▼
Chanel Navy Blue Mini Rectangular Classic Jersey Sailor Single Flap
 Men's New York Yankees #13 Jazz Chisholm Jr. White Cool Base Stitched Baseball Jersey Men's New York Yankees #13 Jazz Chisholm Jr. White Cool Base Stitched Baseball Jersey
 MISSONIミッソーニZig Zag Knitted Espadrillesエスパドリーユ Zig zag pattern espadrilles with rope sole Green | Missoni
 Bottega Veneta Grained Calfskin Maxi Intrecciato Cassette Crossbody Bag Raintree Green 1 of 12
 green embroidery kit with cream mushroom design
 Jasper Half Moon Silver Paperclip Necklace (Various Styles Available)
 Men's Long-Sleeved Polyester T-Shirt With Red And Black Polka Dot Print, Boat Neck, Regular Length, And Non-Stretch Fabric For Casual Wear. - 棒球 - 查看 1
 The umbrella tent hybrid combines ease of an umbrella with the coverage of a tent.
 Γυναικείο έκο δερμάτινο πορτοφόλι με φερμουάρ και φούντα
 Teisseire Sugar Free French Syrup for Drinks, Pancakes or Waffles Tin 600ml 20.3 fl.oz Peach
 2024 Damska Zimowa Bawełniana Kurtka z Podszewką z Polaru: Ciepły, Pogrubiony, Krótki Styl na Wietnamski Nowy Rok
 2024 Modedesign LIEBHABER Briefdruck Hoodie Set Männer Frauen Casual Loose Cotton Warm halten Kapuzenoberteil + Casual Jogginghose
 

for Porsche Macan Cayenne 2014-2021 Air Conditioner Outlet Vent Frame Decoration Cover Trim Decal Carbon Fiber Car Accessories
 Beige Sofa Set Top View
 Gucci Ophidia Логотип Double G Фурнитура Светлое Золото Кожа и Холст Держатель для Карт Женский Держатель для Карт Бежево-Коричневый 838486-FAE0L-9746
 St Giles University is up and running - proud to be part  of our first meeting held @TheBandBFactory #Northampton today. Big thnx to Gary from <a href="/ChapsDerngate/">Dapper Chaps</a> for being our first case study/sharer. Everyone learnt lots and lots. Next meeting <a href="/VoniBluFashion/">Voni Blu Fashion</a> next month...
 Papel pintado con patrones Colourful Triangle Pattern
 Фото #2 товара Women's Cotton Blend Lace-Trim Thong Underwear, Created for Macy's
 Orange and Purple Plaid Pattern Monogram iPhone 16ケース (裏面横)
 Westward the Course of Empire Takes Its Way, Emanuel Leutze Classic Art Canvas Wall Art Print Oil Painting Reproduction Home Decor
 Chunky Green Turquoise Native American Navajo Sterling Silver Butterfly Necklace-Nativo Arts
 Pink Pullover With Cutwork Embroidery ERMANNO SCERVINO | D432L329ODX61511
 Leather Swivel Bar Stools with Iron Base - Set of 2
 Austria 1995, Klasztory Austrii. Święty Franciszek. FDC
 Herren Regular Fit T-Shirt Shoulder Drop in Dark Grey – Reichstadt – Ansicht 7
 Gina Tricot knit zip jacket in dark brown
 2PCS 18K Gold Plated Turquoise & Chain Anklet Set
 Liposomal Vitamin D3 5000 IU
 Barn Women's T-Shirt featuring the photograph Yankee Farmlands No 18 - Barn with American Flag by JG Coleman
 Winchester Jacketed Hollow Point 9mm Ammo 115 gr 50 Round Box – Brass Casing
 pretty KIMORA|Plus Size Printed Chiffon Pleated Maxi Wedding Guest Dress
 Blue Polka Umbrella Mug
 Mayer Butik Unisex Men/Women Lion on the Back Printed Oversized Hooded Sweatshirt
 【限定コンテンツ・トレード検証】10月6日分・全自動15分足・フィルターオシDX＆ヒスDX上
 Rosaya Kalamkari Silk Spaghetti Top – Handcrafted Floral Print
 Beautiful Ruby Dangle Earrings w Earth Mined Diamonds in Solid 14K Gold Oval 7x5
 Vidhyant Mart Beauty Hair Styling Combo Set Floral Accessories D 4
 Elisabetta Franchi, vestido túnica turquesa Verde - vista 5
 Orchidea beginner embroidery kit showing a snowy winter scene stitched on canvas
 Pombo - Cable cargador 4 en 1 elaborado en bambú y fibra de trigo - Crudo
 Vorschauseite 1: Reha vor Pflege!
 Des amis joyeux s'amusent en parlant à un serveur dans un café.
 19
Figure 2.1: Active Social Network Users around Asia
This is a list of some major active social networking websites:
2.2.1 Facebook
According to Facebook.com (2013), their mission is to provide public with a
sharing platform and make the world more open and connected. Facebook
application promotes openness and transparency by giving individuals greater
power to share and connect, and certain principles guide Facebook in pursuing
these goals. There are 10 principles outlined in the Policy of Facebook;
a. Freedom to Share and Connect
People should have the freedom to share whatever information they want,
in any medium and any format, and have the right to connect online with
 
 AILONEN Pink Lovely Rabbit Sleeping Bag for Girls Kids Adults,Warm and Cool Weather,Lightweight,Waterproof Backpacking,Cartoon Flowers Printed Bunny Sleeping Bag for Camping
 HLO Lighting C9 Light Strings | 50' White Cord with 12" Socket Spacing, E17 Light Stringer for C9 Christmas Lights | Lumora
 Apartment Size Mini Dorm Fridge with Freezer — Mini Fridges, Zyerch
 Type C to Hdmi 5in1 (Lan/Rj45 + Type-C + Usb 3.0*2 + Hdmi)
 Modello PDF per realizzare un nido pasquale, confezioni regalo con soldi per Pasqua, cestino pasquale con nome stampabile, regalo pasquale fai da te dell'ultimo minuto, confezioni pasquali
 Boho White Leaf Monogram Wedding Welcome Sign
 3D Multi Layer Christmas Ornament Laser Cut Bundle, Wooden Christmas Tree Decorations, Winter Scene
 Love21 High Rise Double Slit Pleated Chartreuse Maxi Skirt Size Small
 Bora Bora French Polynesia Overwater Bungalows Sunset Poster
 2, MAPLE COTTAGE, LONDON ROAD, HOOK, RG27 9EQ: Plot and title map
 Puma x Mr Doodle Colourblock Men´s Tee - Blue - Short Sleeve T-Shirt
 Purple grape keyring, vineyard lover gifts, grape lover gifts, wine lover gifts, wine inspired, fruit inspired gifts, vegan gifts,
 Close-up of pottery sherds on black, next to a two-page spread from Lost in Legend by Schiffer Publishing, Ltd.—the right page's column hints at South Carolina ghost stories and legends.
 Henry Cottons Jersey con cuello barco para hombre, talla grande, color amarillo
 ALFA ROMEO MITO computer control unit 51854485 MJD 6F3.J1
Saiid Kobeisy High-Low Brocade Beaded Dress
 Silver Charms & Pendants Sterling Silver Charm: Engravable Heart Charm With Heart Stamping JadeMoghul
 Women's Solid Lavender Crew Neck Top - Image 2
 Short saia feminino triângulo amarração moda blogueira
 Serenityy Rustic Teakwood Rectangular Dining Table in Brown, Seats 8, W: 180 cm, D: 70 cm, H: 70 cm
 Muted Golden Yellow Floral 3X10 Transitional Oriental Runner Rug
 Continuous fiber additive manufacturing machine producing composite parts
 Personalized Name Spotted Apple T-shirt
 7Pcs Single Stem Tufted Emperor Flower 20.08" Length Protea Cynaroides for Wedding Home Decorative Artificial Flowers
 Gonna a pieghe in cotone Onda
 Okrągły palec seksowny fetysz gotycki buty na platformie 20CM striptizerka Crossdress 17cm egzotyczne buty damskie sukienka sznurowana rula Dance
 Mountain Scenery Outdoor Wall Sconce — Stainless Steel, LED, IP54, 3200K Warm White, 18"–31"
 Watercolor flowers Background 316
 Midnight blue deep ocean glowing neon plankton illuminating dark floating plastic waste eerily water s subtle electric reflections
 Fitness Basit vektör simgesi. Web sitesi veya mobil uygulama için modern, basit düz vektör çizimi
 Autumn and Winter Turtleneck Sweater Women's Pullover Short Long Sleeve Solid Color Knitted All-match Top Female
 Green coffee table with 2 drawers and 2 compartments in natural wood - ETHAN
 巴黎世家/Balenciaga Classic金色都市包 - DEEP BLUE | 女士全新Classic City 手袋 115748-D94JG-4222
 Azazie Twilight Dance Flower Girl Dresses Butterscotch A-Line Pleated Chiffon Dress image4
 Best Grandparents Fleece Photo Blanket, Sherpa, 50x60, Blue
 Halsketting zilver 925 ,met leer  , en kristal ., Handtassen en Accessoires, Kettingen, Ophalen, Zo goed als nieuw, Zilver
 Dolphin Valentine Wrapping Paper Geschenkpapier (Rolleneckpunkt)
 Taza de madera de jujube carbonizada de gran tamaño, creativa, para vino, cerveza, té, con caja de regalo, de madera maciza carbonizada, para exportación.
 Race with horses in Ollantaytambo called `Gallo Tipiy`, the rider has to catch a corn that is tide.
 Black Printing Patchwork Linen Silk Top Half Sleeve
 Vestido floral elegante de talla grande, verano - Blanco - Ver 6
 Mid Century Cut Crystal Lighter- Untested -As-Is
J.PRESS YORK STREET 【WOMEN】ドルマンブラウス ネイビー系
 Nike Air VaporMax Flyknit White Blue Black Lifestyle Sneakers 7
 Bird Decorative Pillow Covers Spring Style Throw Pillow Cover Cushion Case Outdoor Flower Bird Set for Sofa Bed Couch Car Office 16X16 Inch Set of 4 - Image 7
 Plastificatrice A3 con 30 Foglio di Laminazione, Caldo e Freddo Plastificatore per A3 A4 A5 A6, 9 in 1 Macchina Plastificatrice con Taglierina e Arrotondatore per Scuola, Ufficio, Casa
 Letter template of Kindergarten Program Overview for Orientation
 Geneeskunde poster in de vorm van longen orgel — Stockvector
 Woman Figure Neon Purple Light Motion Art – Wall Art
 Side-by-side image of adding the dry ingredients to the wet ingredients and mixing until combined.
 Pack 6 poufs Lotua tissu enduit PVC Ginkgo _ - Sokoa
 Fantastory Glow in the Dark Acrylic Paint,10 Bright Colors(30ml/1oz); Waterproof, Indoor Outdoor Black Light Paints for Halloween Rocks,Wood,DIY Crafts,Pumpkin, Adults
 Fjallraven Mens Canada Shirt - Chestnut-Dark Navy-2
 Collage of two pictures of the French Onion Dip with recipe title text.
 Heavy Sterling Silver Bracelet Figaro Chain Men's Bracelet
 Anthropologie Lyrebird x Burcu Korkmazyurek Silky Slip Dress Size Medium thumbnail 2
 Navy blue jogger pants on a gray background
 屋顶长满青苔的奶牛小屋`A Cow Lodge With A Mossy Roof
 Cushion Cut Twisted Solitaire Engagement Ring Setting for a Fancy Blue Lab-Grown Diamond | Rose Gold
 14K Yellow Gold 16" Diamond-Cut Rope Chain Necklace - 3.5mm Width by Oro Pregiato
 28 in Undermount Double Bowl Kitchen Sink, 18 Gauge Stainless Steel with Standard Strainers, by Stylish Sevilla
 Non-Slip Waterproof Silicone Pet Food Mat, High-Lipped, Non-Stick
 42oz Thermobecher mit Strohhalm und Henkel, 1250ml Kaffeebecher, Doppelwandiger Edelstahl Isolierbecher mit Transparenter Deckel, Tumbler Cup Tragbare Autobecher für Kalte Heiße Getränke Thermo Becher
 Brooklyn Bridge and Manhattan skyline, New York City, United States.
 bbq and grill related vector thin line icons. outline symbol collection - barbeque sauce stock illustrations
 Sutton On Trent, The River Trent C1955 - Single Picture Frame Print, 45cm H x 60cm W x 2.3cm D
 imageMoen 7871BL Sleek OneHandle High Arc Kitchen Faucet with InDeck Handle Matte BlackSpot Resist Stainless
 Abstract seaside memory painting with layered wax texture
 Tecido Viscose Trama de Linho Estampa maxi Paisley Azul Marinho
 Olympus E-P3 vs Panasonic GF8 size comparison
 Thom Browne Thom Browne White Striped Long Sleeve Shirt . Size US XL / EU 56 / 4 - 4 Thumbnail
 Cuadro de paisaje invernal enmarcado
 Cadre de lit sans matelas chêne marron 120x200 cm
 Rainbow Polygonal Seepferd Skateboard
▲
#### [WHAT IS BEING ASKED]
Reproduce exactly the entries above, limited to the lines from the one with "Autumn and Winter" through the one with "Nike Air VaporMax", both included.

#### [EXPECTED OUTPUT]
 Autumn and Winter Turtleneck Sweater Women's Pullover Short Long Sleeve Solid Color Knitted All-match Top Female
 Green coffee table with 2 drawers and 2 compartments in natural wood - ETHAN
 巴黎世家/Balenciaga Classic金色都市包 - DEEP BLUE | 女士全新Classic City 手袋 115748-D94JG-4222
 Azazie Twilight Dance Flower Girl Dresses Butterscotch A-Line Pleated Chiffon Dress image4
 Best Grandparents Fleece Photo Blanket, Sherpa, 50x60, Blue
 Halsketting zilver 925 ,met leer  , en kristal ., Handtassen en Accessoires, Kettingen, Ophalen, Zo goed als nieuw, Zilver
 Dolphin Valentine Wrapping Paper Geschenkpapier (Rolleneckpunkt)
 Taza de madera de jujube carbonizada de gran tamaño, creativa, para vino, cerveza, té, con caja de regalo, de madera maciza carbonizada, para exportación.
 Race with horses in Ollantaytambo called `Gallo Tipiy`, the rider has to catch a corn that is tide.
 Black Printing Patchwork Linen Silk Top Half Sleeve
 Vestido floral elegante de talla grande, verano - Blanco - Ver 6
 Mid Century Cut Crystal Lighter- Untested -As-Is
J.PRESS YORK STREET 【WOMEN】ドルマンブラウス ネイビー系
 Nike Air VaporMax Flyknit White Blue Black Lifestyle Sneakers 7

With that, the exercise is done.